We spent enough money and got enough good men killed to have done exactly what was necessary to make Iraq and other parts of the Middle East stable and hostile to terrorists. If we had been serious, we would have built a native surveillance infrastructure and struck circumspectly the minute something like ISIS reared its head. To combat an uprising it is best to, in the immortal words of Barney Fife, "Nip it in the bud."
But we didn't have the will for that. We thought we could make friends with those who hate us. We thought it would be fine to depose Mubarak and Gaddafi and Assad, even after we saw what happened in Iraq without Saddam. Go ahead and blame Bush for Iraq. Who is to blame for Libya and Tunisia and Syria, and thus for ISIS? If it hadn't been for the good sense of the Egyptian military, the situation would be even more desperate than it is because we allowed ourselves the luxury of putting the first black editor of the Harvard Law Review in charge of our foreign policy. We would have been better off with the senior class president from Ridgemont High.
So, if you don't have the will to fight, the answer is don't fight. Brendan makes a good case for "containment and quarantine". I agree with him.
Of course, this suits the regime quite well. They want us to disengage. My suggestion to the GOP is to out-disengage the disengagers. Become fortress America. We can eat. We can produce our own oil -- albeit a little more expensively. We can build cheap, safe, clean, low-waste nuclear power plants using thorium. We can mine our own rare-earth minerals.
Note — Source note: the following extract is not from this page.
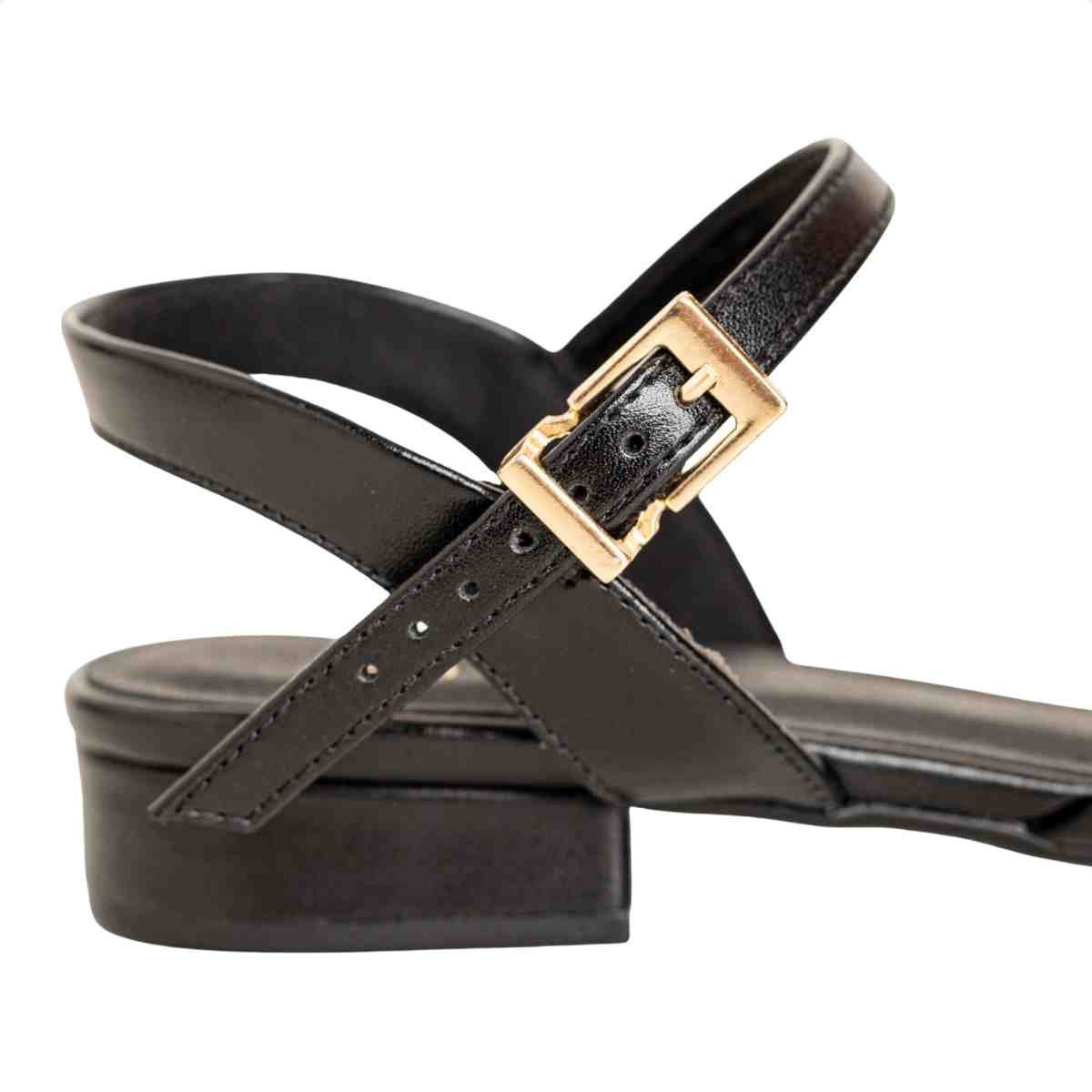 Sandália Feminina Salto Bloco Flat Emma Dm Napa Preta Preto 7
Seal the borders, put up a tariff wall, and put unskilled Americans back to work. Tell Europe, Asia, and the Middle East that they free to work it out amongst themselves. We are busy. We have to wash our hair.
Excellent analysis, Mush.
ReplyDeleteI concur, if we ain't gonna allow our troops to win, we shouldn't be sending them to an undeclared war.
Especially with the idiotic ROE they must deal with.
Unfortunately, I don't think the majority of Americans will have the will to win any wars until (maybe) it gets really bad.
And since most don't even have the will to do what's necessary to defend ourselves (profiling and sealing our borders) more bad things are gonna happen, particularly from Islamic terrorists.
Israel understands the threat more than we do and they still get attacked.
Mostly because our radical Islam-loving Dunce in chief supports the radical Islam-loving Palistinians and Muslim Brotherhood, and his lack of will to do anything about Iran.
So yeah, it will get worse for us and our allies, which President Narcissist doesn't care about anyway.
I don't expect much if anything from our current GOP leadership, since they fold at the slightest bit of pressure.
If we do end up with a republican President in 2016, I hope it's someone who can rise to the occasion, because he will hafta repair the damage Obama has caused, here and abroad, with a hostile media nipping at him constantly.
It's looking a lot like the late 1930's again, and we willhave a lot more Pearl Harbors and 9/11's before the majority of Amercans wake up. Or hopefully wake up.
Yes, we just are not seen as serious. I'm sure you remember how people thought Reagan was crazy, perhaps including the Soviets. But they knew he meant business.